Daso: Your team’s mind-set is fantastic. The long-term perspective is a great view to have in an early-stage startup.
Heine: Sam Altman, President of Y Combinator, told us at YC, “When you’re building these things, don’t think about one year or two years, think about the company you want to have ten years from now.” That’s something that we embody and are thinking about consistently.
Daso: Great. My last question to you is: For all of the young college students who are thinking about dropping out to start their own company, what would you tell them?
Heine: I would say that there’s a season for everything. When you’re young, and you’re not married or have a mortgage, there’s no better time take risks in pursuing what you truly want to do.

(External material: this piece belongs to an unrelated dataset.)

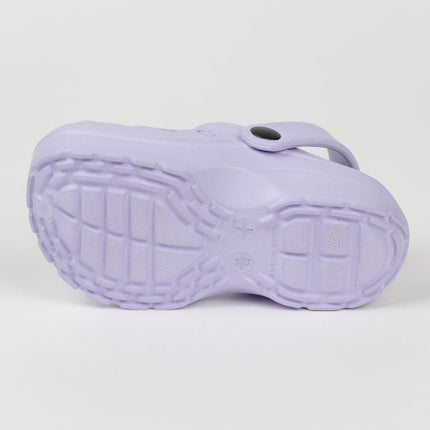 gabi-babah-za-gyerek-papucs-clog-24-25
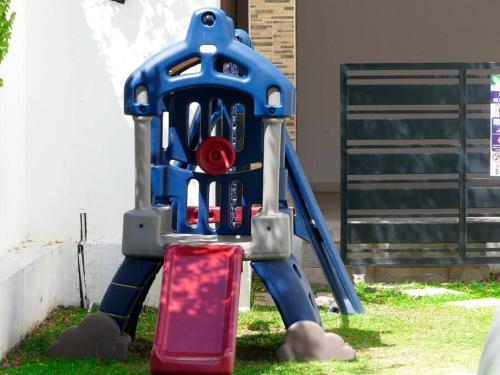 596374431.jpg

If it doesn’t work out by your 30s, fine, you can get another job. The key here is to do these things while you can. When you’re 35 or 40, and you have a family, then you might not be able to do those things you wanted to when you were younger. We’re all going to make mistakes in our 20s and 30s. However, if we’re going to make mistakes, then make a mistake by shooting too high, rather than too low, every time. You’ll learn more, you’ll have a more exciting life, and it’ll take you to places you can’t expect.
This interview has been lightly edited for clarity and readability.
If you enjoyed this article, feel free to check out my other work on LinkedIn and my personal website, frederickdaso.com. Follow me on Twitter @fredsoda, on Medium @fredsoda, and on Instagram @fred_soda.
This work was first published on Forbes.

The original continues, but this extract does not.